Florida-focused insurers slash 2023 losses, rest of field already in the black
Florida home-grown and locally-focused homeowner insurers trimmed their net underwriting loss by nearly 2/3 in 2023 to $397 million while the rest of the market pulled itself to an underwriting gain sufficient to offset that still-troubled cohort, a dataset compiled by Gallagher Re indicated.
For the market as a whole, it's a fabulous recovery from 2022 underwriting losses: the state-wide combined ratio fell 37.2 points to 96.7% as net underwriting results improved by an eye-opening $4.4 billion to a fractional state-wide net gain of $69 million.

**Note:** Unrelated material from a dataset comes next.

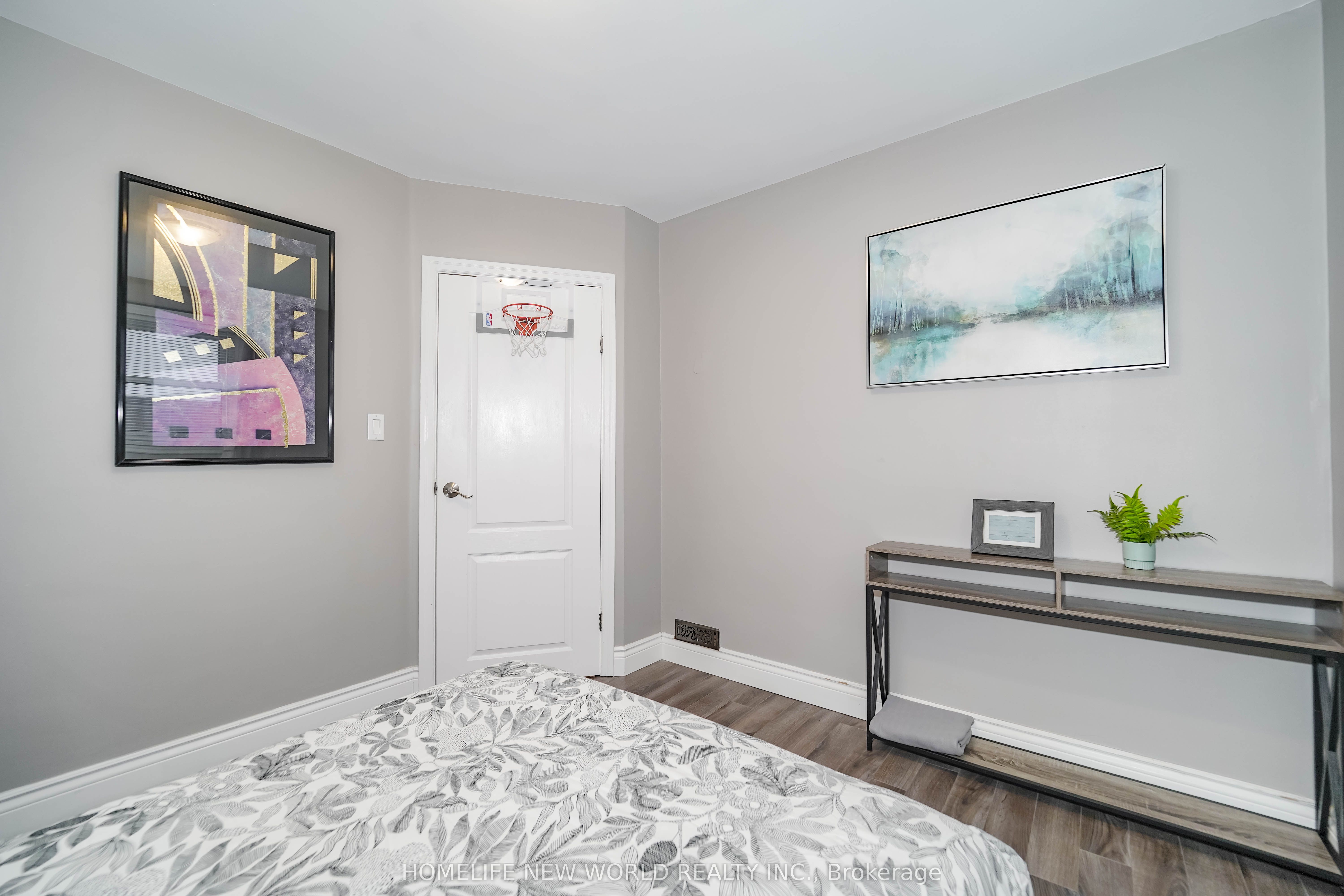 137 Banting Avenue Property Photo 27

The Florida specialists, excluding the array of firms put down or to run-off since early 2022, took 9.5 points off their combined ratio to fall within 1.3 points of the underwriting break-even point. The field is roughly evenly split between firms with a net underwriting gain and those still sporting losses. In 2022, net underwriting losses had outnumbered net underwriting gains 2.5 to 1.

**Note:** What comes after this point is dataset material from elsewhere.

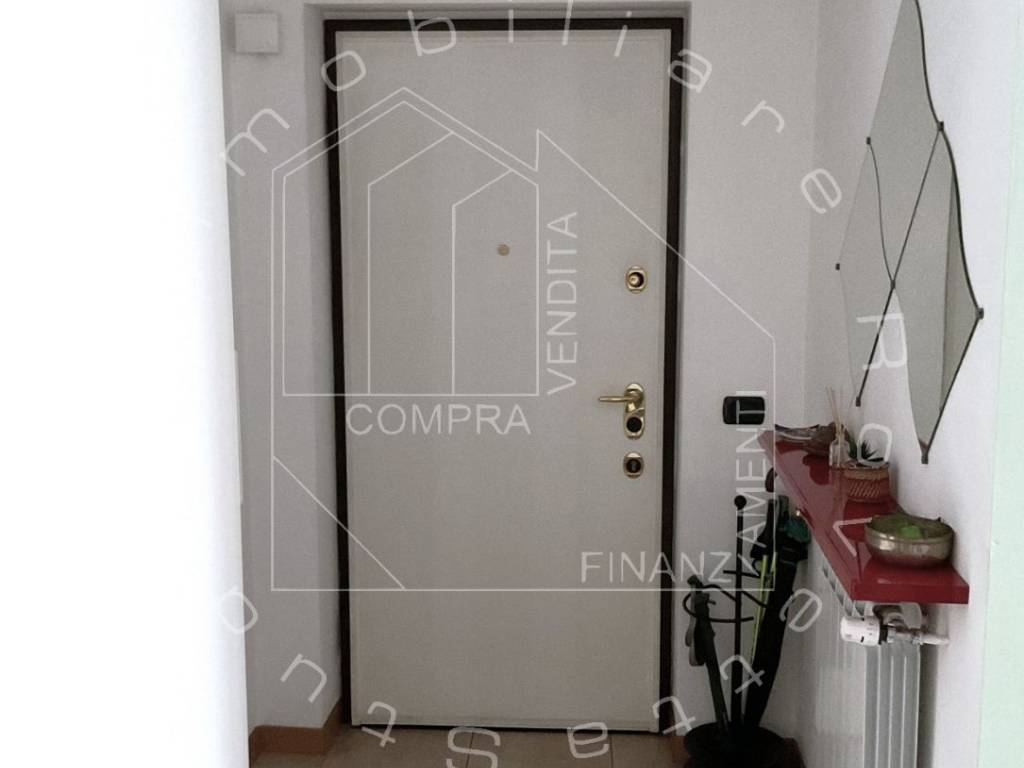 Appartamento a Jerago con orago in Via 25 Aprile, 17 - Foto 2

Eye-popping prior-year triple-digit million underwriting losses from the likes of Privilege and American Strategic were slashed by some 60-75%. But problem cases remain: three firms with triple-digit million losses, Southern Owners, Universal, and Privilege, and another three in excess of $50 million.
Growth continued for the cohort, despite the aggregate margin difficulties. Mark gross written premium growth at 21.3% and direct written premium growth at 15%. That did not appear to have been handed over to reinsurers at any higher rate: net premium growth held the pace.
The state's insurer of last resort Citizens has been through a hairpin curve while bringing on a mass of new clients. 2023 brought a 142 point reduction in the firm's combined ratio to a profit-making 80.7%. Citizen’s swing from a $2.45 billion net underwriting loss to a $466 million gain accounted for 2/3 of the industry's overall underwriting profit improvement.
National players still braving the Florida market - Allstate (Castle Key), Nationwide, Travelers (First Floridian) and State Farm - pulled to a fractional aggregate underwriting gain of less than a million, highlighted by a big move to profit for State Farm. The group is moving harder and faster to achieve profits vs local rivals: their aggregate combined ratio fell 39.4 points to 97.4% without sacrificing much on growth: mark GPW up 19%, just below the 21% for the Florida specialists.